First, although commentators avoided making overt
references to race in the case of Black athletes, they seemed less constrained with Asian
athletes. One weightlifting competition, described as the "battle of the Asian
stars," was introduced as follows:
"The serenity, the calm, that is the East. The
mystique of the Orient with its mysterious inner strength. That strength today transformed
into the brutal power of Olympic weightlifting, where Asian strong men dominate the
bantamweight division."
Other commentator statements portrayed Asian athletes as
obsessive hard workers, conformists, and extremely self-disciplined. The overall Japanese
approach to marathoning was said to be "a religion, it's an obsession." Others
discussed the propensity of Asians to train fanatically, "to practice much harder
than the Americans."
Second, Asian athletes were significantly more likely than
Black and Caucasian athletes to be described in physical terms. Half of Asian athletes (N
= 8) and 55% of Hispanic athletes (N = 11) were described two or more times in physical
terms, while 25% (N = 12) of Black athletes and 29% (N = 22) of White athletes fell into
this category (p < .005). Commentators made frequent references to the size of Asian
athletes (e.g., "she's slight at 103 pounds," " look at the quadriceps, how
they seem so overdeveloped and bowed," "she's a slight athlete, only about 100
pounds").
Third, commentators were significantly more willing to talk
about the emotions and personalities of Asian athletes. We tested for hypothesized
differences between the use of psychological descriptors across racial and ethnic groups.
Psychological descriptors were phrases or sentences that
described or called attention to the inner emotional states or personality characteristics
of athletes. Examples included "she's a nervous wreck," "he's
disappointed," "quietly confident," "not very happy with that
dive," "bubbly personality," "she's completely focused,"
"proud," "he has fantastic concentration," and "he's at least
distraught."
While some commentators called attention to the
"remarkable concentration" and "business-like attitude" of Asian
athletes, others voiced surprise when Asian athletes outwardly expressed their emotions
(e.g., "normally you don't see that kind of emotion out of lifters, but he is very
pleased with himself," or in reference to the Chinese women divers, "they seem a
lot more emotional than in 1984").
The representation of Asian athletes as unemotional or
reluctantly emotional was amplified by several discussions about their mechanical or
machine-like performances and training practices.
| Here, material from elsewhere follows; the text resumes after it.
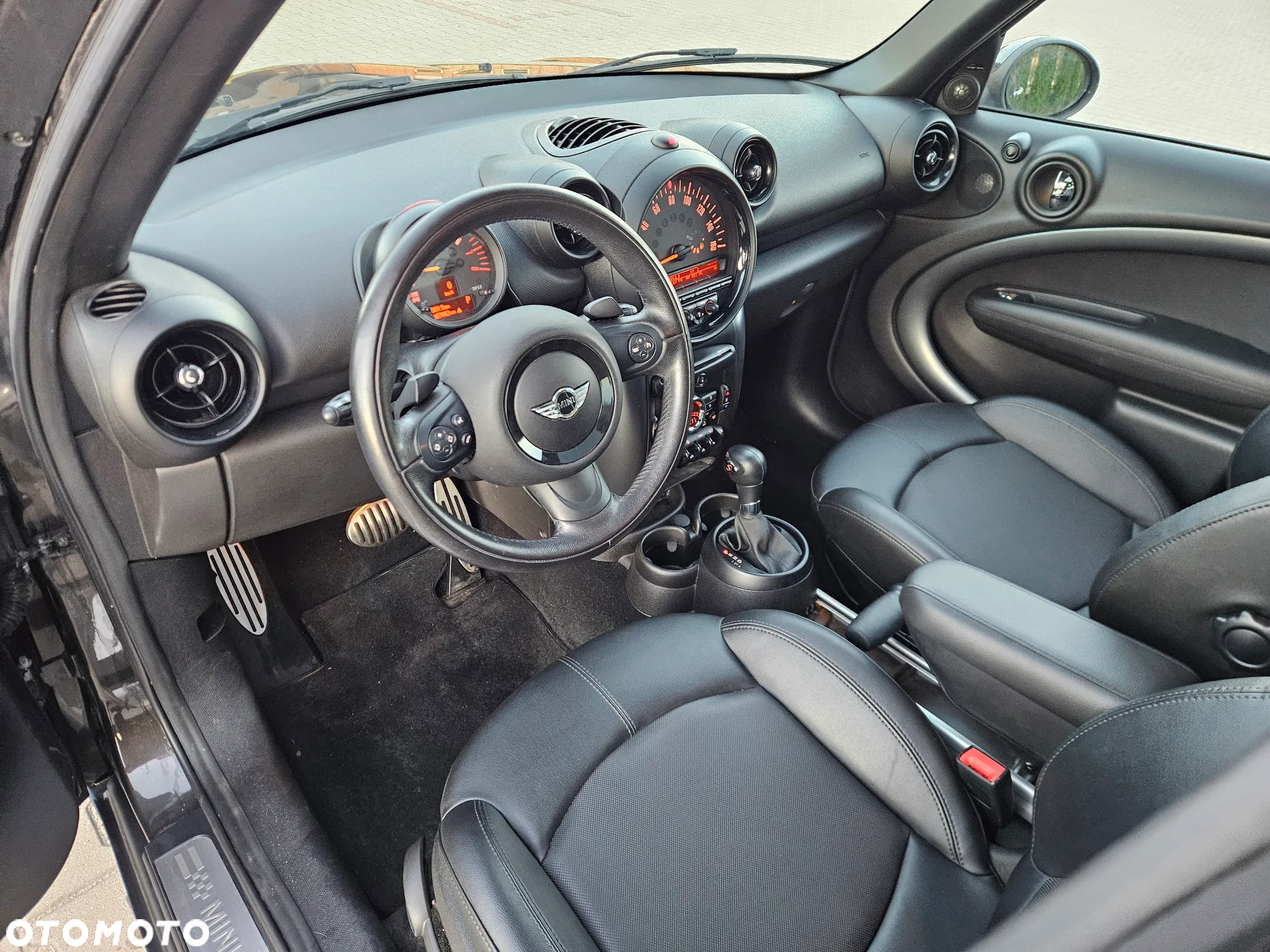 MINI Countryman Cooper S - 14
For example, a personal segment with
Chinese swimmer Lin Li, emphasized her methodical and repetitious training practices and
also raised the issue of drug use by the Chinese swimmers. (2) We found that, once framed in the overall
context of the machine metaphor, even positive descriptions of precise performance lent
themselves to negative mechanistic images that dehumanized some Asian athletes and
diminished their achievements.
Fourth, Asian athletes were the most likely to appear in
slow-motion replays. For example, Asian athletes were almost twice as likely to appear in
slow-motion replays as Black athletes 77% versus 41% (N = 161, p. < .01). The greater
use of slow-motion replay may be a visual extension of the tendency among commentators to
focus on the physical characteristics of Asian athletes, to exoticize them, or perhaps to
prolong or intensify gazing upon their foreignness. Slow motion also might amplify the
mechanistic metaphors used in some commentaries.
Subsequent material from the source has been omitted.